■ Problem: Only the lines from the opening of the material through the line bearing "Hummingbird Linocut Art" should be reproduced, exactly and without pictures.

*** Begin section ***

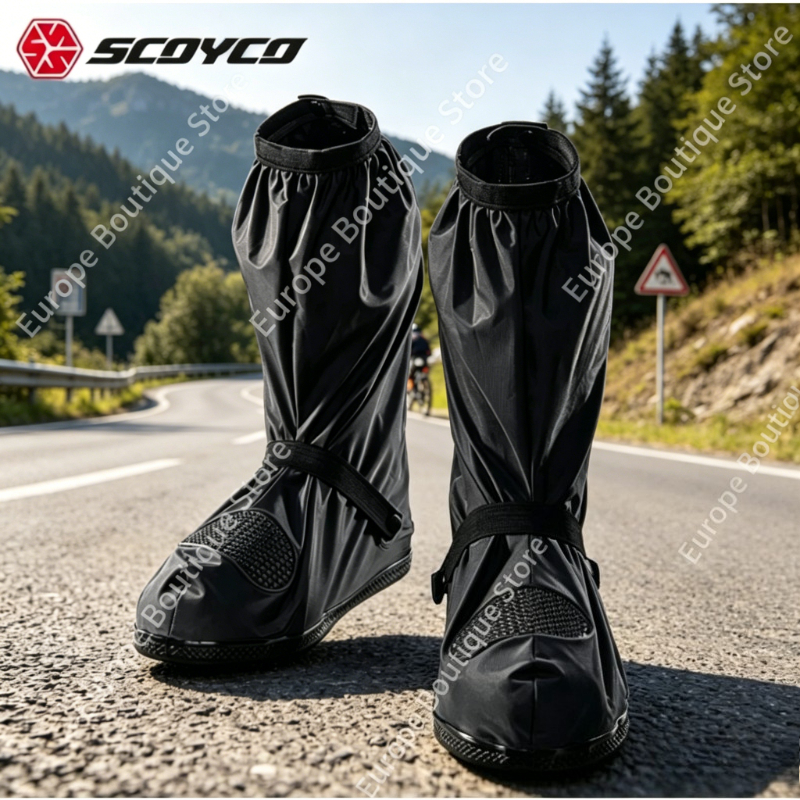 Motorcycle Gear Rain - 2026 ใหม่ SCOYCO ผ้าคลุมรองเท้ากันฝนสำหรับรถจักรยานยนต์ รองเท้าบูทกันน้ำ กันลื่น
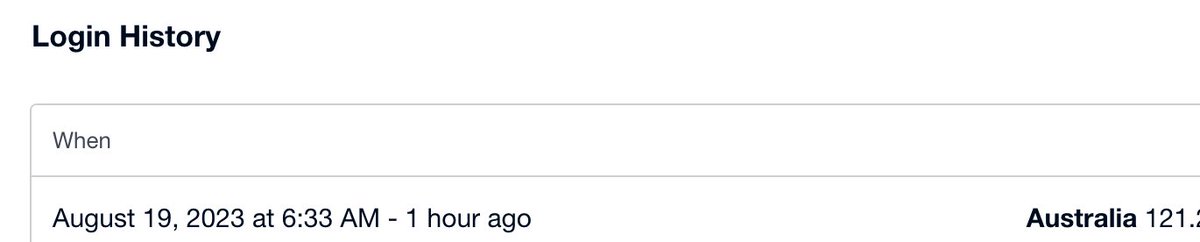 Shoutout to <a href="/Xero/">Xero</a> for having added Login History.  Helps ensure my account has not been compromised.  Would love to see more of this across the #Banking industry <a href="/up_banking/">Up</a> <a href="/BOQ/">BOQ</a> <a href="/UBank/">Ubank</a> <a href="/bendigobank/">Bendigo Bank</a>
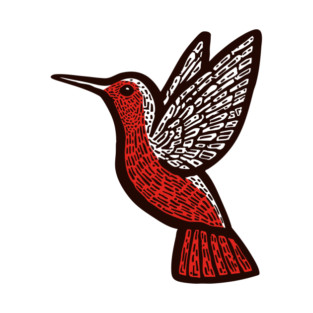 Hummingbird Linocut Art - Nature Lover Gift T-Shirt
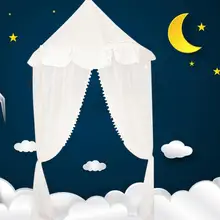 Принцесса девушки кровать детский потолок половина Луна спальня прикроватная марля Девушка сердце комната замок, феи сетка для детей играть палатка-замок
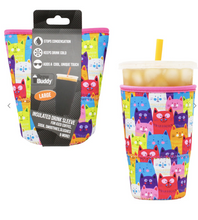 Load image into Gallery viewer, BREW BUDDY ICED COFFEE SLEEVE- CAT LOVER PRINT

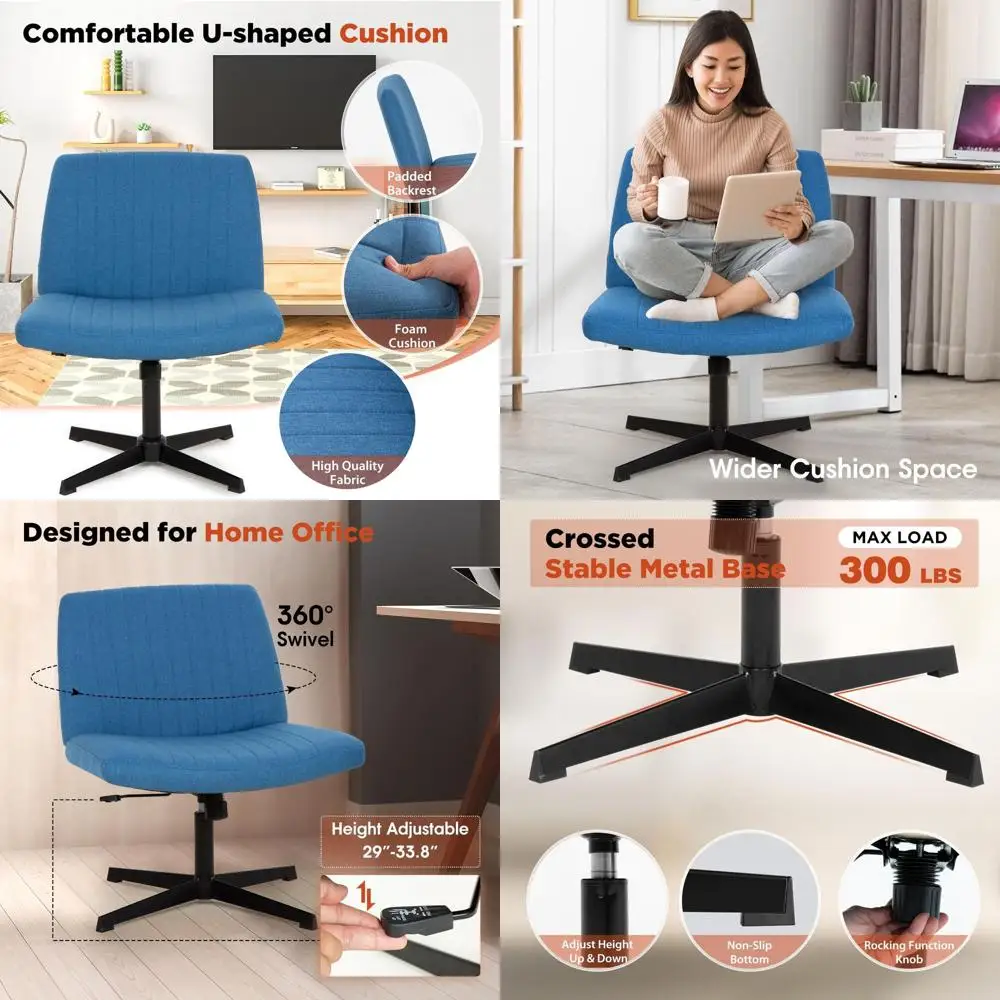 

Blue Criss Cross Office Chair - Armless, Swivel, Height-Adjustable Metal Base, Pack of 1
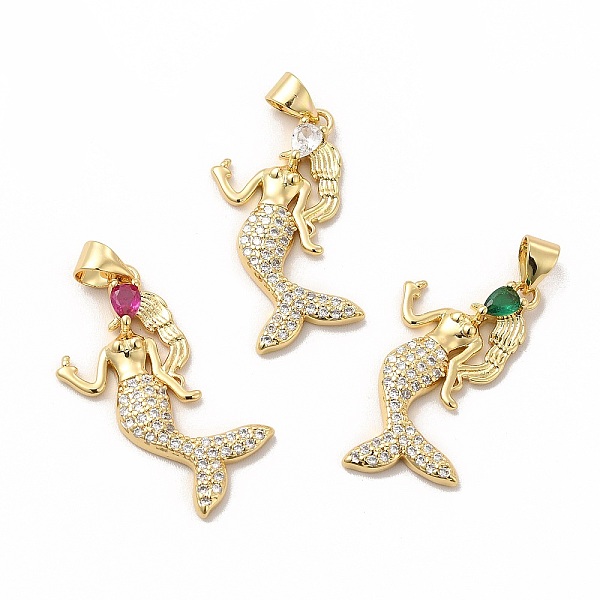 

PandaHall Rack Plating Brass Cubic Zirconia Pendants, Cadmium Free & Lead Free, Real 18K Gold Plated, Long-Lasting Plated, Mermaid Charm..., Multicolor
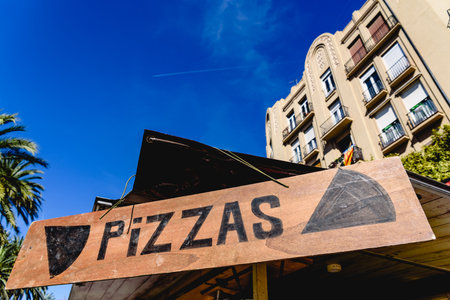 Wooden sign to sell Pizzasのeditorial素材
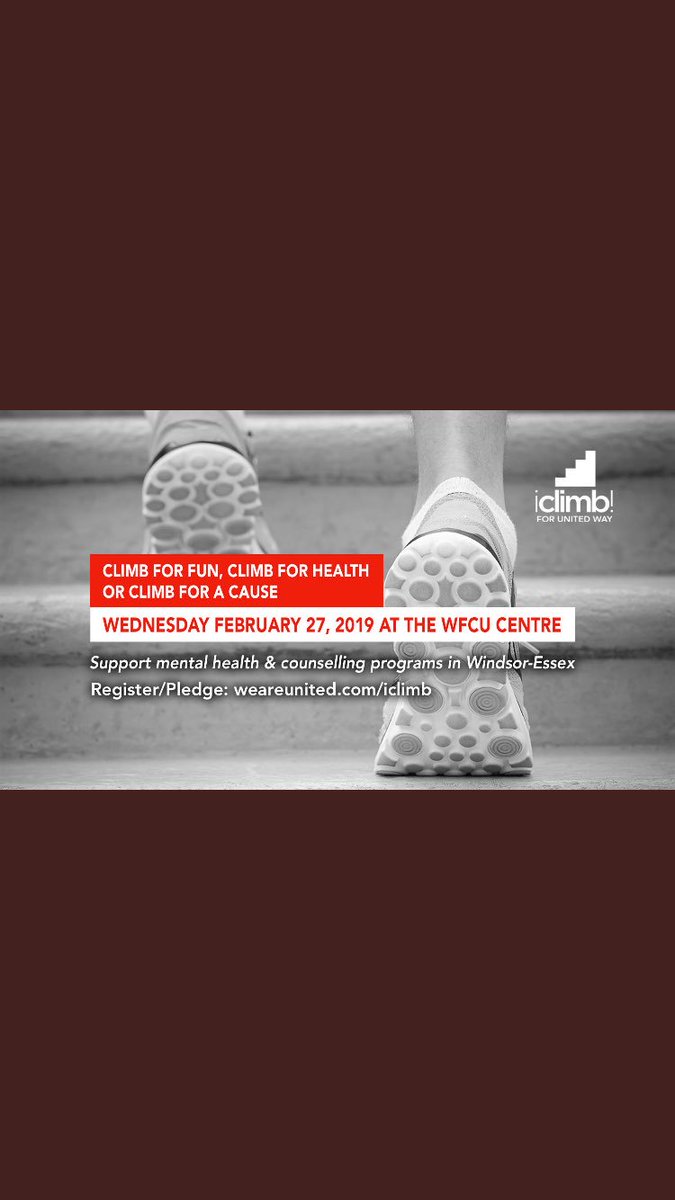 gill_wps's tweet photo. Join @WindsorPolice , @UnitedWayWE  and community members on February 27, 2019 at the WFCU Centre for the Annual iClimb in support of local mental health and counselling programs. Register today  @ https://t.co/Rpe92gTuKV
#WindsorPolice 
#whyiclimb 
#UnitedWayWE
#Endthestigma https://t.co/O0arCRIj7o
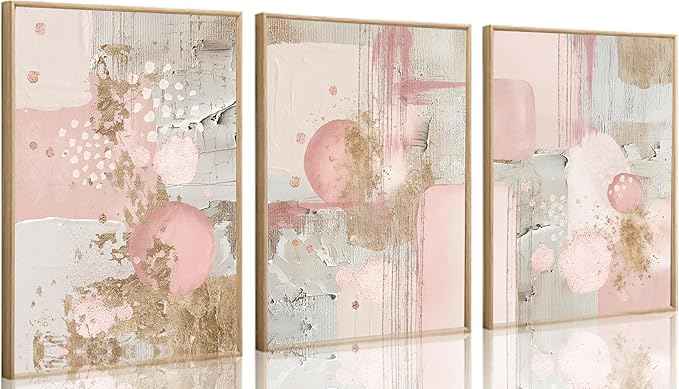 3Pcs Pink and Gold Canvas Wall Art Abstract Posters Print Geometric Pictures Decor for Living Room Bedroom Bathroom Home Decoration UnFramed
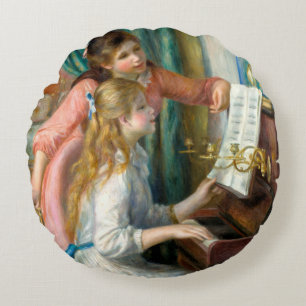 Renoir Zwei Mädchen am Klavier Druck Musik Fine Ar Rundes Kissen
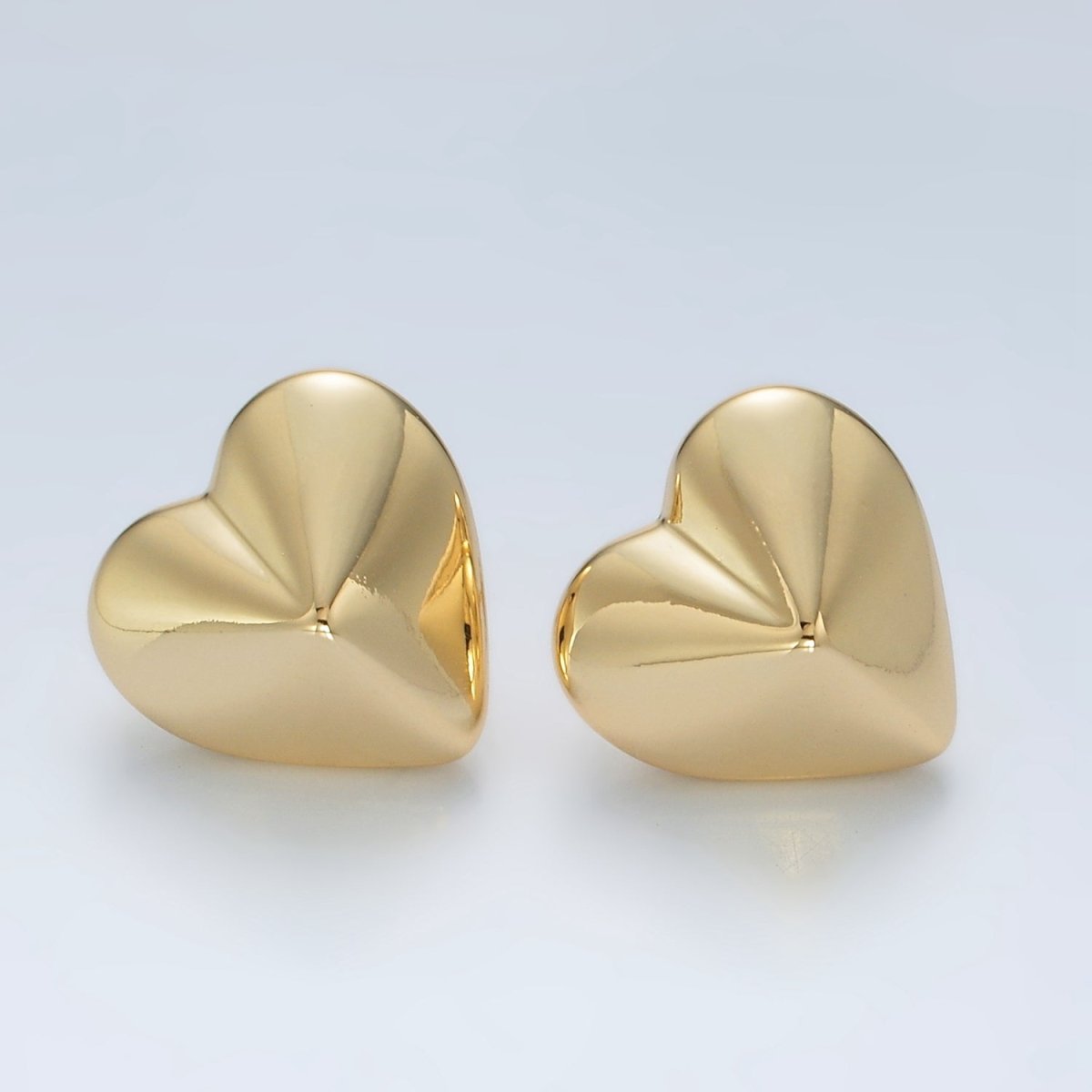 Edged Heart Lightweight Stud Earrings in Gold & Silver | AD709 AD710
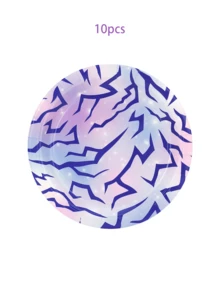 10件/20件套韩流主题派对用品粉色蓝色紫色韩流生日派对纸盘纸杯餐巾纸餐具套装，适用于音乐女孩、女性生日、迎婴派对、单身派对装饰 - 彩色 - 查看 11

*** End section ***

■ Exercise response:
 Motorcycle Gear Rain - 2026 ใหม่ SCOYCO ผ้าคลุมรองเท้ากันฝนสำหรับรถจักรยานยนต์ รองเท้าบูทกันน้ำ กันลื่น
 Shoutout to <a href="/Xero/">Xero</a> for having added Login History.  Helps ensure my account has not been compromised.  Would love to see more of this across the #Banking industry <a href="/up_banking/">Up</a> <a href="/BOQ/">BOQ</a> <a href="/UBank/">Ubank</a> <a href="/bendigobank/">Bendigo Bank</a>
 Hummingbird Linocut Art - Nature Lover Gift T-Shirt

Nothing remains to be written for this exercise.